Comment from giraffmang
Exceptional
This work has reached the exceptional level

Hi Andre,

Another great piece of writing here. your turn of phrase is superb, as is your use of simile.

You can feel the fear and tension in this piece, made so much more palpable by its truth.

All the best
G

 Comment Written 07-Aug-2016


reply by the author on 08-Aug-2016
    Thank you, G., for your generous, six star review of "Another great piece of writing." I am glad you also noted my "turn of phrase is superb, as is your use of simile." Once again, thanks.
Comment from light
Exceptional
This work has reached the exceptional level

This story is exceptionally told. You mange to draw your reader into your experience. There is always at lest one in the crowd. A good example good and evil. One set the fire and the other put it out. I am sorry for your terrible experience.
Elaine

 Comment Written 07-Aug-2016


reply by the author on 08-Aug-2016
    Thank you, Elaine, for your generous, six star review. In my family's retelling of this incident for the past forty years we focused on the neighbors who did us ill. This is the first time I acknowledge the neighbors who helped. If I cannot thank them personally, at least I can acknowledge that there are good people in the world to put out the flames of hatred. Once again, thanks.
reply by light on 08-Aug-2016
    I know but hat I can never feel what you feel, but one of my husband 's ancestors was a slave and her write his biography. His name is Moses Roper. He was a white slave, the product of a white slave owner and a light black slave. He wrote about how badly he was treated.
reply by light on 08-Aug-2016
reply by the author on 08-Aug-2016
    Yes, all of my ancestors were either slaves or slave owners, which is why I am 12% white today.
Comment from lancellot
Exceptional
This work has reached the exceptional level

A very good story. It is a stark reminder that for every evil person there are ten good people. You avoided one ignorant family and were treated as kids by the others. You ended up with a load of candy. Perhaps that bad family did set your porch on fire, but other saved your family and your home regardless of color. A well balanced tale with a strong message. good and evil come is all shades.

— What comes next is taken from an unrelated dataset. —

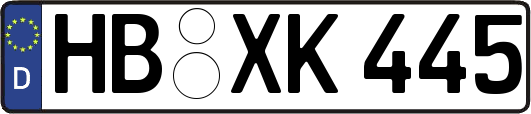 HB-XK445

 Comment Written 07-Aug-2016


reply by the author on 08-Aug-2016
    Yes, lancellot, I love my "well balanced tale with a strong message." Understandably, many writers today would dwell on the evil. Enough time has passed in mm story to acknowledge the good neighbors. "It is a stark reminder that for every evil person there are ten good people."

    Thank you for your generous, six star review. I deeply appreciate it.
Comment from Sandra Stoner-Mitchell
Excellent
Not yet exceptional. When the exceptional rating is reached this is highlighted

That is so sad. Why are people so evil? You are so right about the strangers and the known neighbours, which makes the story all the sadder. You have told it so well too. I hope those people that started the fire were brought to account some time in their lives, if not, they have yet to face a higher judge. Excellent story! :) Sandra xxx

 Comment Written 07-Aug-2016


reply by the author on 08-Aug-2016
    Thank you, Sandra, for your review. I am glad I made my point "about the strangers and the known neighbours." I am not going to waste time and energy hating the people who wronged my family. I will as best as I can in this story acknowledge and thank the people who helped my family. Thank you for your review.
Comment from dmt1967
Exceptional
This work has reached the exceptional level

This is shocking. I used to have bad neighbours but nothing like that, although I live in a small village and see racism every day. I think we haven't progressed as far as the politicians would like us to believe. Thank you for sharing.

 Comment Written 07-Aug-2016


reply by the author on 08-Aug-2016
    Yes, "we haven't progressed as far as the politicians would like us to believe." Just last week in upstate New York, bigots torched the home of the only black fireman in town. It is shocking that this keeps happening. Thank you for your generous, six star review.